> [Your instructions] Exclude all pictures. Then restate, word for word, the entries from the first line through the line that contains "LED-Lampe Philips Equivalent".

> [The data]
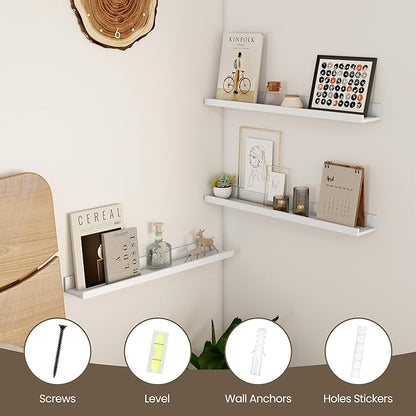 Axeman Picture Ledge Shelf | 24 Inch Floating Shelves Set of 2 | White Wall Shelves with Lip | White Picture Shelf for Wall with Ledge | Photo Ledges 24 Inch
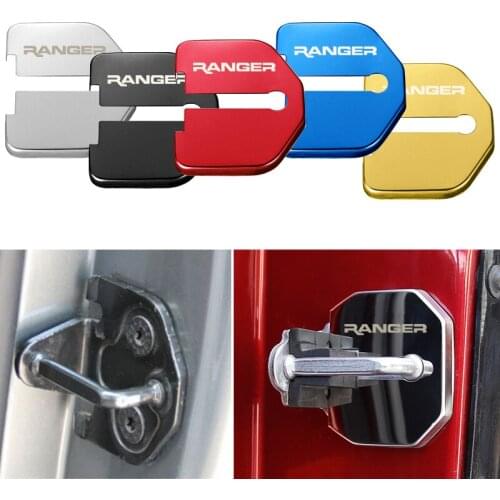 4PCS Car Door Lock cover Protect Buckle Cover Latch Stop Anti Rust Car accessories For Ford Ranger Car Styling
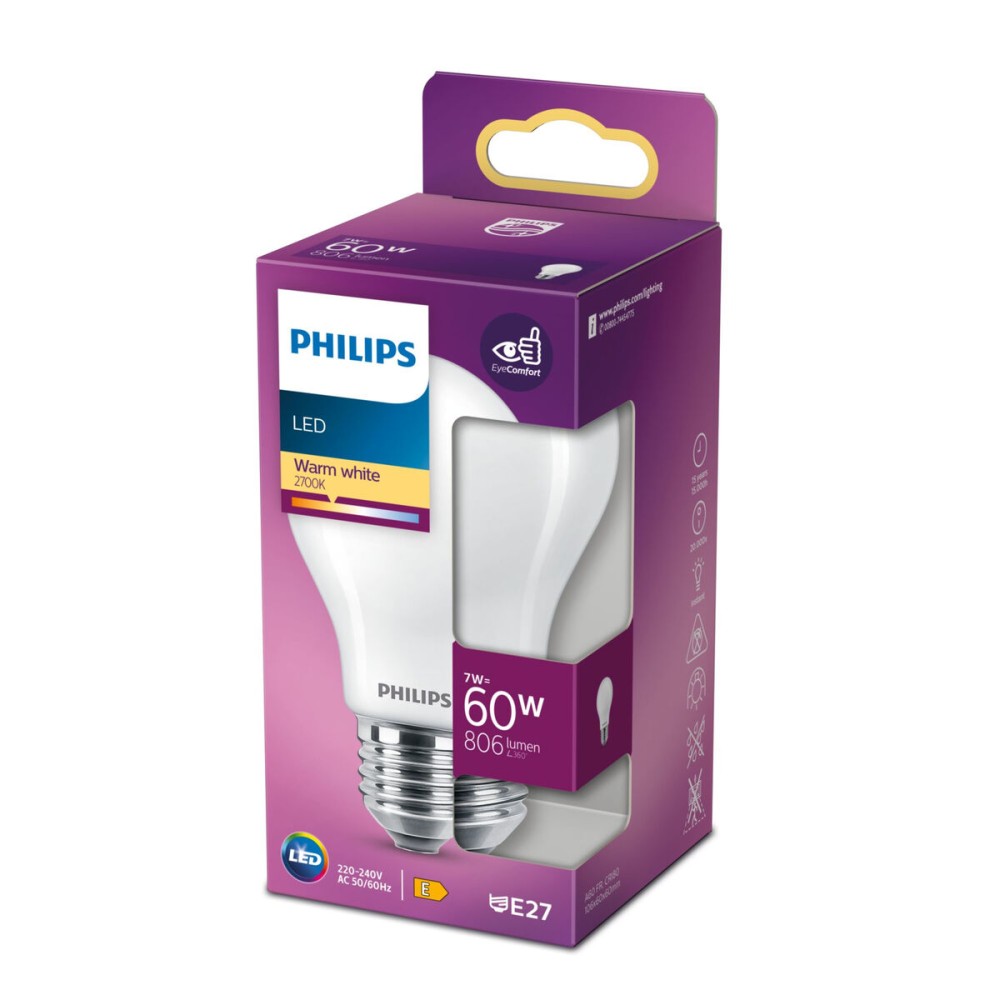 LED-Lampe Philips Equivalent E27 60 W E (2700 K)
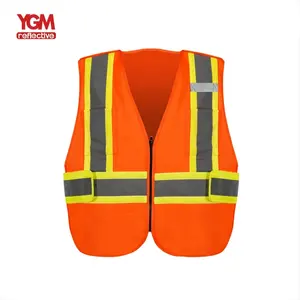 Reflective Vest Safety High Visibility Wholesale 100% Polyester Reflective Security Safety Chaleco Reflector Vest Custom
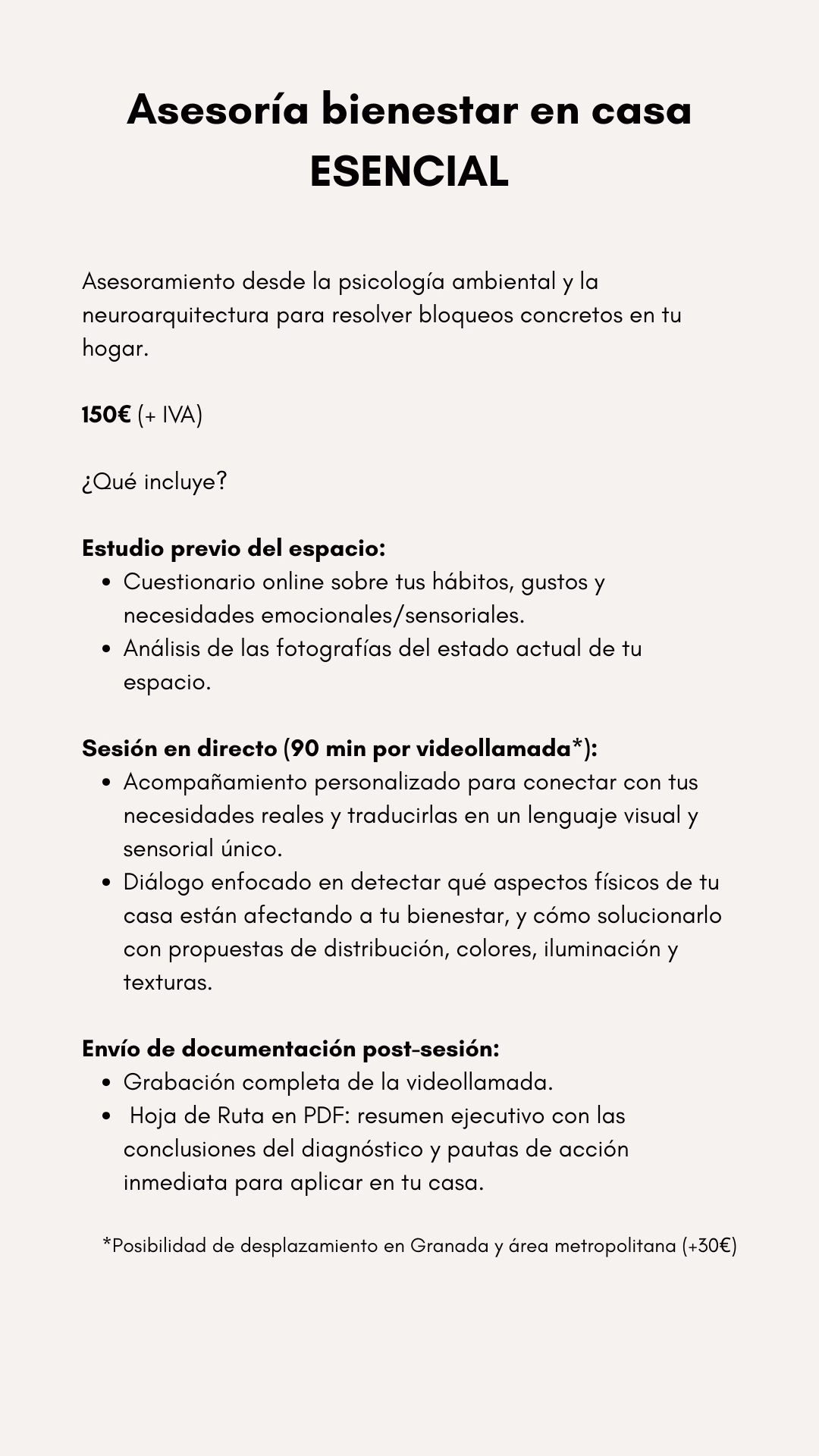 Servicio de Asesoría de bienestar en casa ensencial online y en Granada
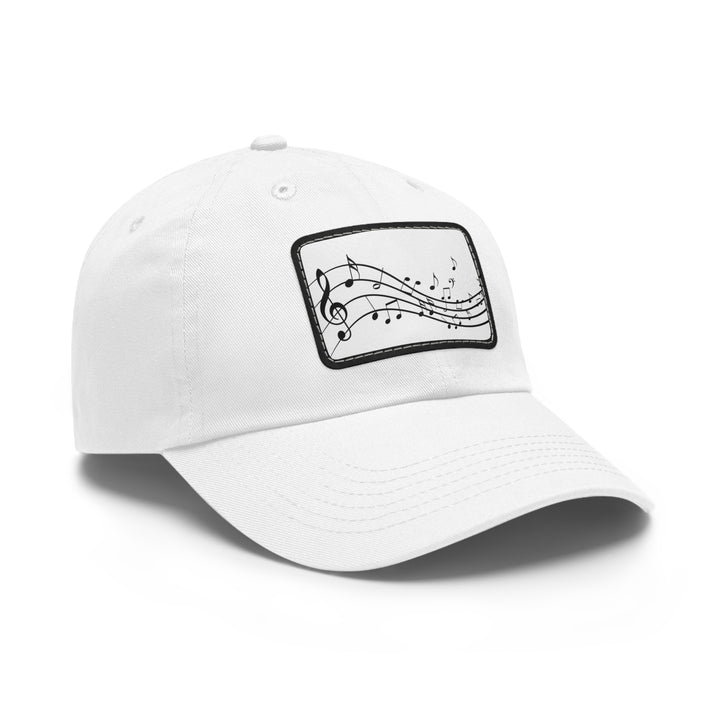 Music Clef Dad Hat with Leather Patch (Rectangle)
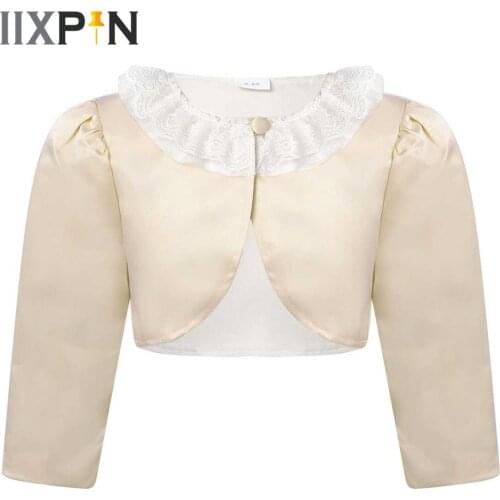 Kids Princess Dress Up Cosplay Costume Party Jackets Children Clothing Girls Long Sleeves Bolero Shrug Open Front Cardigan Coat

> [Exercise answer]
 Axeman Picture Ledge Shelf | 24 Inch Floating Shelves Set of 2 | White Wall Shelves with Lip | White Picture Shelf for Wall with Ledge | Photo Ledges 24 Inch
 4PCS Car Door Lock cover Protect Buckle Cover Latch Stop Anti Rust Car accessories For Ford Ranger Car Styling
 LED-Lampe Philips Equivalent E27 60 W E (2700 K)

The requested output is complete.